1. When did you first hear the word “permaculture” and what was your initial impression?

2. What ecosystem is nearest to where you live?

Imagine what it would be like if your home was supplied solely with rainwater. It's happening here and now in Australia.
Imagine what it would be like if your home was supplied solely with rainwater. It’s happening here and now in Australia.

Permaculture: Living in an Ecosystem
By Steven Saint Thomas

I’d heard the word “permaculture” many times during my decades in the environmental movement, but I never really knew what it was. Something good, was my impression. Maybe something to do with farming.

Finally I became good friends with Colorado permaculturist Becky Elder and was invited to take a Permaculture Design Course. After spending one weekend a month for eight months hearing lectures, visiting permaculture sites and working with a team to design a real-life property, I’m still trying to get my head around this system we call permaculture.

One way I’d describe permaculture is designing human habitat as if our homes, neighborhoods and communities were part of an ecosystem.

This is not how urbanites think or live. The city is a world apart from an ecosystem. Ecosystems are open spaces or wilderness regions that we are trying to preserve – out there.

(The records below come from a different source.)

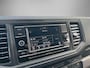 Volkswagen Crafter 35 2.0 TDI 177pk L4H3 | LED-koplampen| 14,4m3 laadvolume | Trekhaak | Camera | Geveerde stoel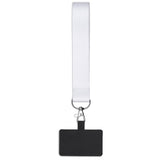 Altitude Vulci 25mm Wrist Phone Strap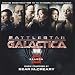 Battlestar Galactica Season 3 [Original Television Soundtrack]
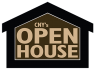 CNY's Open House | The Best of CNY's Businesses!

Our urban communities are artificial habitats on serious life support. We import our water through hundreds of miles of pipelines and pump stations. Our food is trucked in from thousands of miles away or shipped in from overseas.

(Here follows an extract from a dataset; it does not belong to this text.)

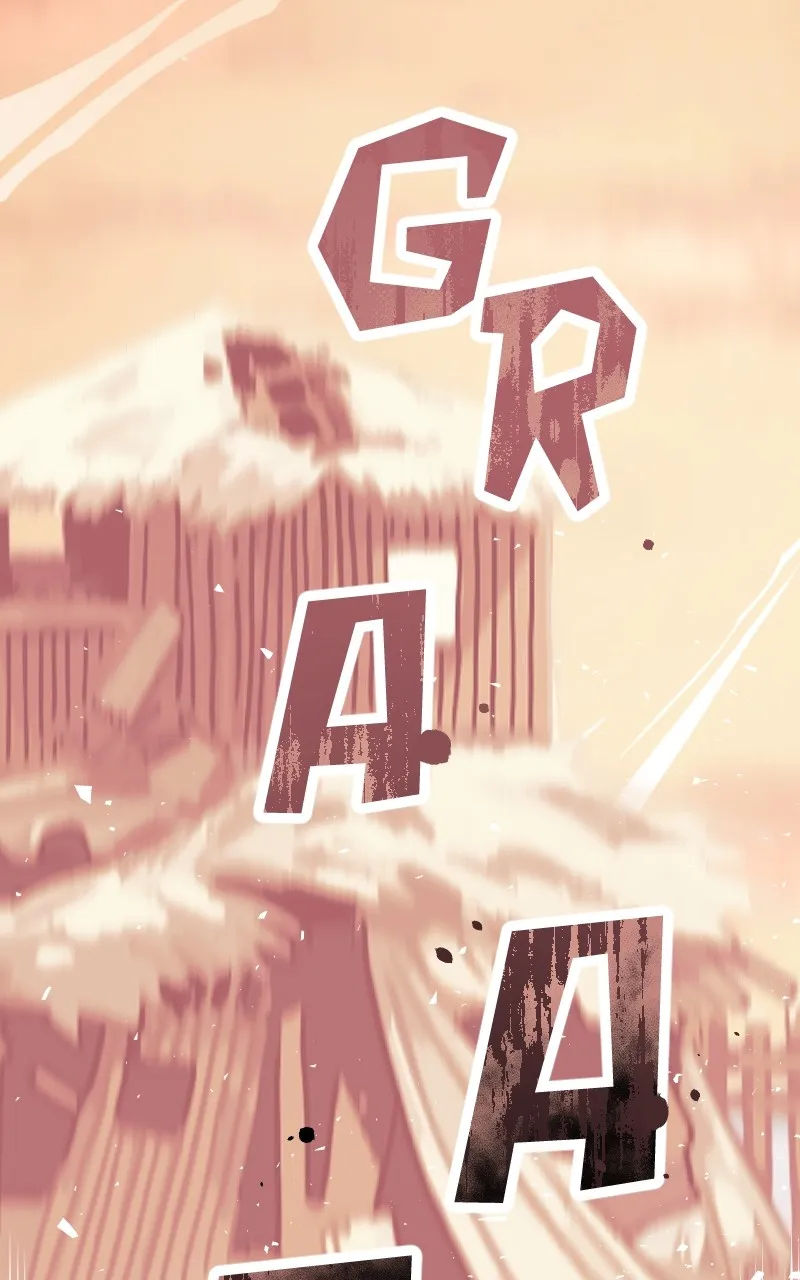 Read Katlaya Rising chapter 8 image 22 on Lezhin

We drive vehicles with fossil fuels mined on the other side of the planet. We heat our homes, light our stoves and dry our clothes with natural gas buried miles below the surface of the earth.

Our homes do not have any natural resources, we must ship them all in. In fact, most of our cities have building codes that force rainwater off into the street and graywater down the drain. Houses are routinely designed to have driveways and garages, but not gardens and greenhouses.

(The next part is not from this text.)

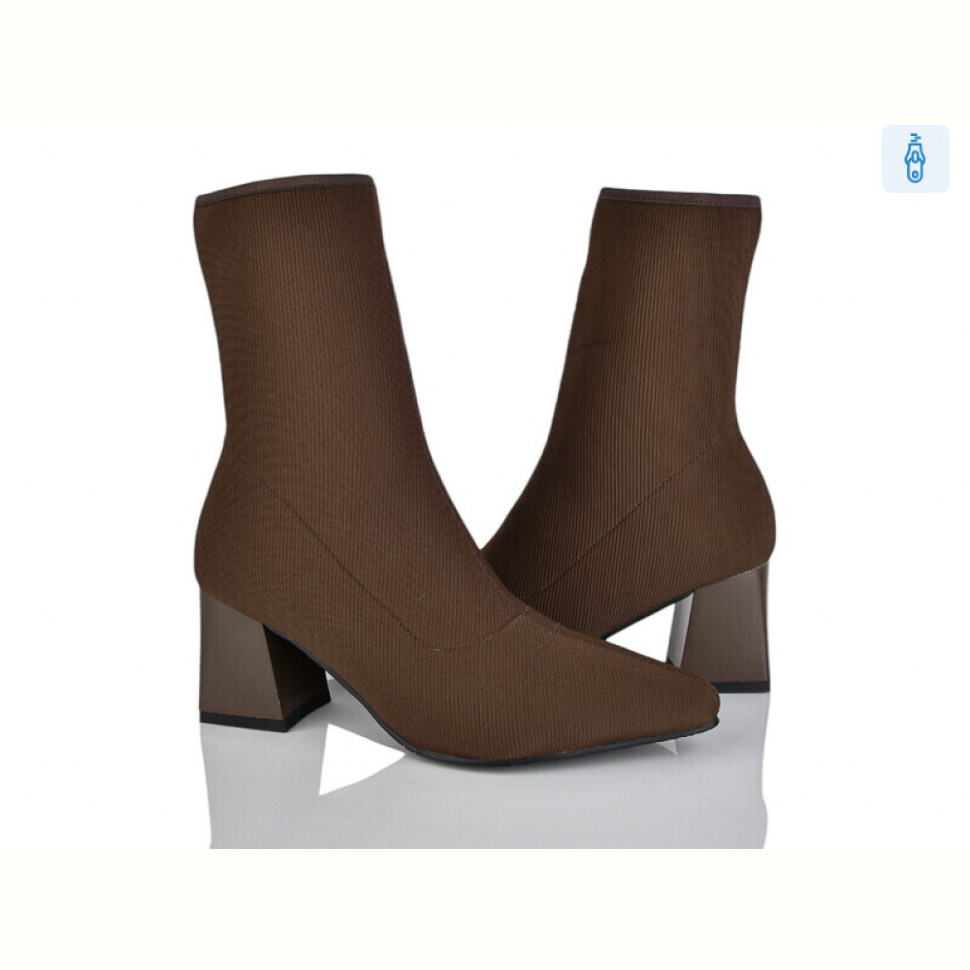 Ботинки Lino Marano H011-13E Ботинки Lino Marano H011-13E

We rake leaves into bags to be hauled away. Trash trucks pick up all our leftovers and haul them away – out there.

The urban cycle is to import resources and export waste. Our homes and cities are completely divorced from any sense of ecosystem.

Permaculture turns this urban paradigm upside down. Now we’re designing homes and communities that cultivate their own resources and minimize waste.

Imagine a system where rainwater is captured, graywater is reused, food is harvested and scraps composted.

Imagine a system where nothing is wasted, because there’s no such thing as waste in nature.

Imagine a community so rich in resources that the people sustain themselves without relying on expensive and technologically advanced global infrastructure.

If you get a glimpse of a vision of human habitat functioning as a part of nature rather than in its own little world, you’re getting a glimpse of permaculture.


1. In which watershed do you live?

2. Who produces your electricity and what do they burn to make it?

3. How much of your food comes from your local area and how much is imported from other regions, states or countries?

4. Where does your trash and recyclable materials go when they leave your curb?


1. Discuss how your home, property and neighborhood could function as an ecosystem.

2. How much rainfall does your area receive and how much of it could you collect?

3.  What food items do you currently buy from a grocery store that you could grow or produce at home?

4. What kind of climate does your region have and how is it changing? What do these changes mean for the future of your region?